More activists lose freedom of movement - this time, in Lebanon
Known as a “cyber-advocacy specialist” and perhaps coined the first Lebanese blogger, Imad Bazzi’s outspoken criticisms of his country’s government has been curtailed, as his right to travel has been revoked by the Lebanese General Security. Bazzi’s famous blog “Trella.org” has been quite vocal on issues such as freedom of expression, and human rights violations, since 1998. For the third time, Bazzi has endured passport troubles—this time, when attempting to renew, the authorities refused to return his passport and summoned him to an investigation. The General Security did not provide a legitimate reason for not renewing and confiscating Bazzi’s passport.
In a recent conversation with Movements.org, Bazzi said “I was supposed to return to Tunisia on Friday or Sunday, now I missed the plane because the General Security is refusing to return my passport.”
Bazzi further told Movements.org that the Lebanese General Security pulled the same thing with another Lebanese activist, Wissam Tarif.

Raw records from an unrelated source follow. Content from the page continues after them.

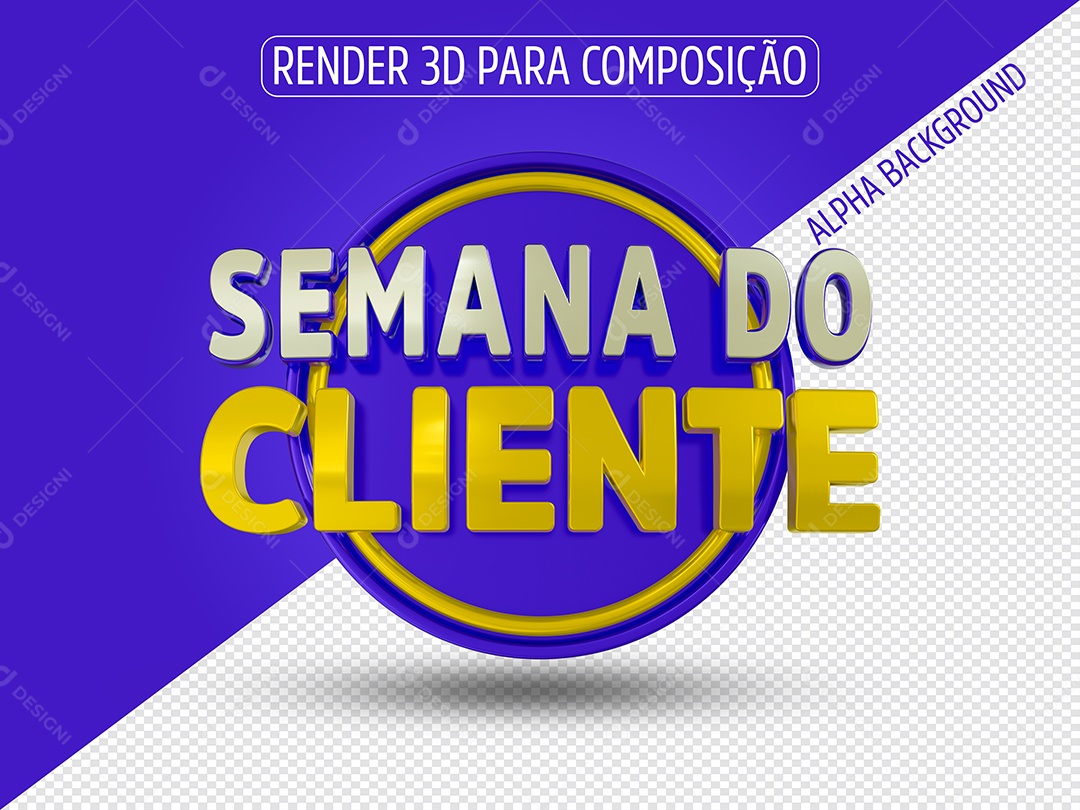 Semana do Cliente Selo 3D Para Composição PSD
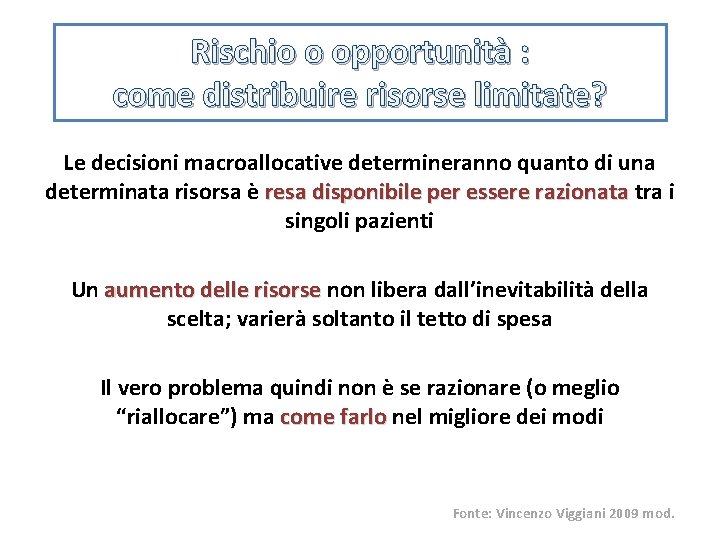 Rischio o opportunità : come distribuire risorse limitate? Le decisioni macroallocative determineranno quanto di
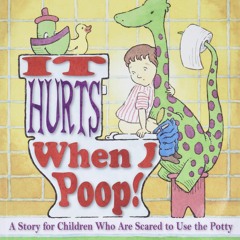 Audiobook It Hurts When I Poop! A Story for Children Who Are Scared to Use the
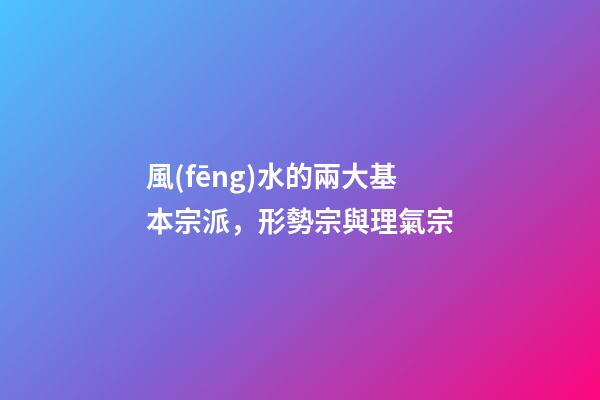 風(fēng)水的兩大基本宗派，形勢宗與理氣宗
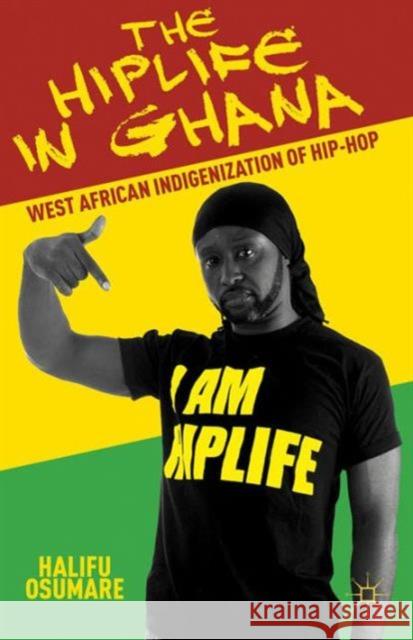 The Hiplife in Ghana: West African Indigenization of Hip-Hop Osumare, H. 9781137405067 Palgrave MacMillan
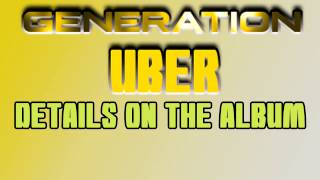 Generation Uber Details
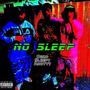 No Sleep (feat. Dezo & Adotty) [Explicit]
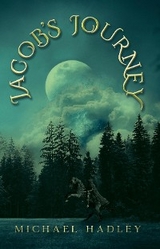 Jacob's Journey - Michael Hadley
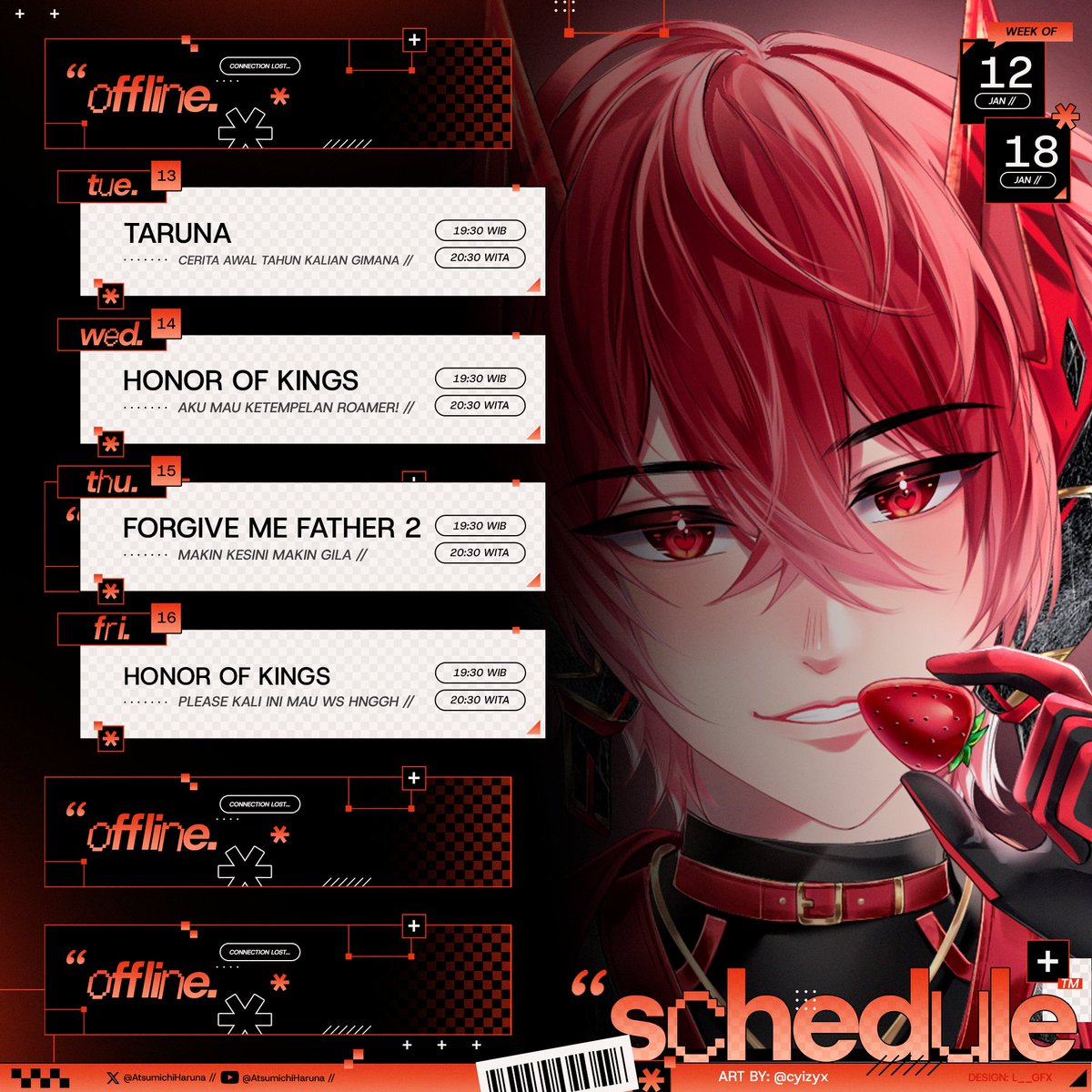 [✨Weekly Schedule✨] 

JANUARY 12 - JANUARY 18 😼🍓

MINGGU INI KITA WAREG HOK IKZ~

All changes will be announced ASAP 😺👌

schedule by: @/l__gfx
art by: @/cyizyx

[TAGS]
General: #AtsumichiHaruna
Art: #AtsuHarunART
Live: #AtsuHarunaLIVE
Clip: #AtsuHarunaCLIP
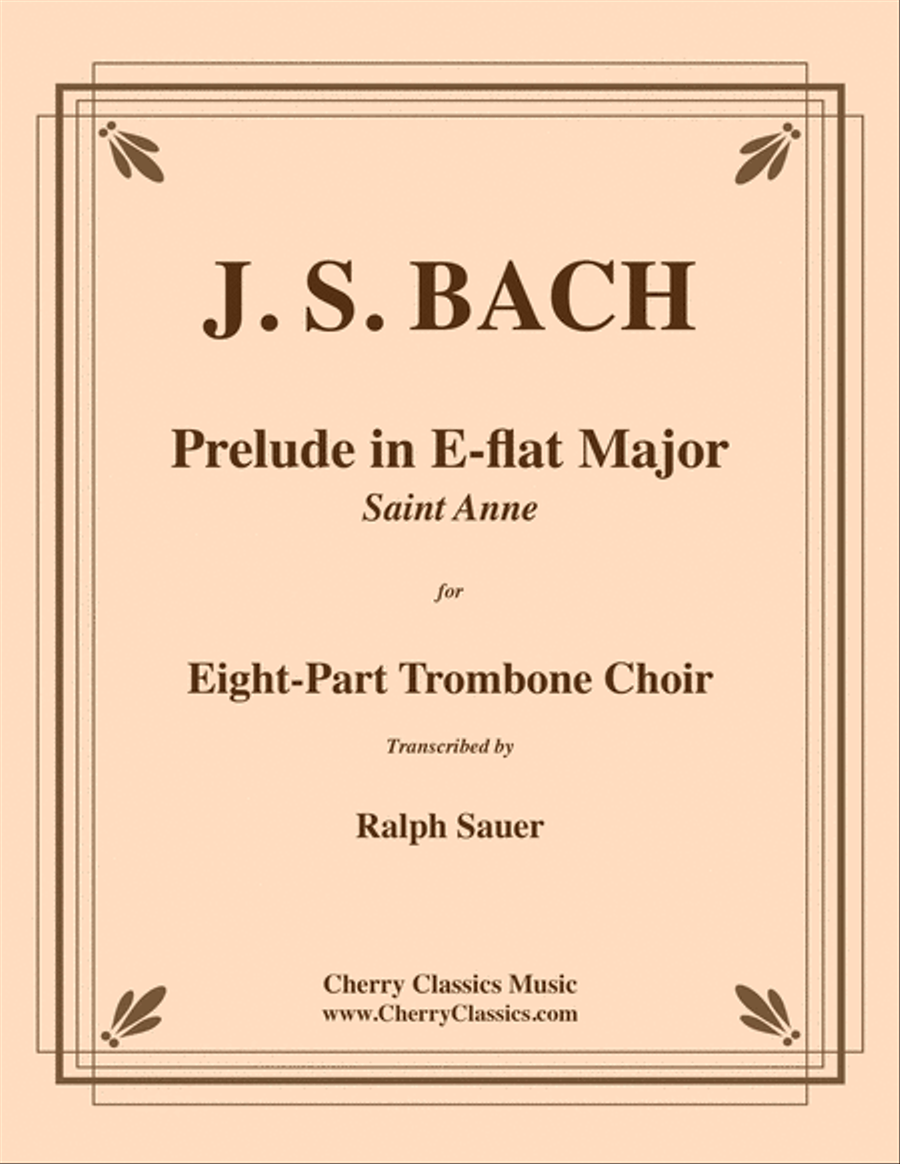 Prelude in E-flat Major St. Anne for 8-part Trombone Choir Chamber Music scores gallery preview page 1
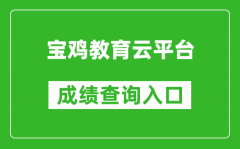 宝鸡教育云平台中考成绩查询入口：http://36.133.101.108:9000/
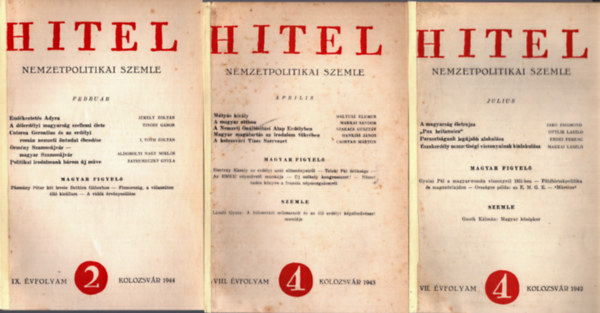 3 db Hitel Nemzetpolitikai Szemle: IX. �vfolyam 1944/2. + VII. �vfolyam 1942/4. + VIII. �vfolyam 1943/4.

The General Security in Lebanon is a law enforcement agency that primarily deals with passports, visas, and organizing the residency of foreigners in Lebanon. However, the agency, established in 1956, has always played a larger role as an Intelligence Agency, whose primary function is to collect and gather intelligence and inform its country’s government, ensuring national security and public order. The agency continues to enjoy a great deal of power, that some activists consider to be unconstitutional.
During the Syrian occupation in Lebanon, the General Security, helmed by a shiaa officer, with close ties to Hezbollah, has played a major role in tracking and harassing activists and opponents of the Syrian regime in Lebanon. After the murder of Al Hariri, the role of the General security has deteriorated, but recently they’ve gained momentum. Lebanon is a country built on balances between sects, and while the role of the General Security has its limitations, they still have wiggle room to pressure activists like Bazzi. They are also capable of banning some newspapers, and films, like the Iranian movie Persepolis, from entering the country.
While the freedom of movement is guaranteed by the Universal Declaration of Human Rights, which Lebanon voted in favor of when it was adopted in 1948, this move is nothing new for Lebanon or other restrictive regimes around the world. Movements.org has covered the issue many times in the past, as governments from Cuba to Iran to China have tried to silence activists by banning them from traveling abroad. Now Imad Bazzi has joined Chinese artist and activist Ai Weiwei and many, many other activists in being kept from realizing his full rights, all because of his political speech.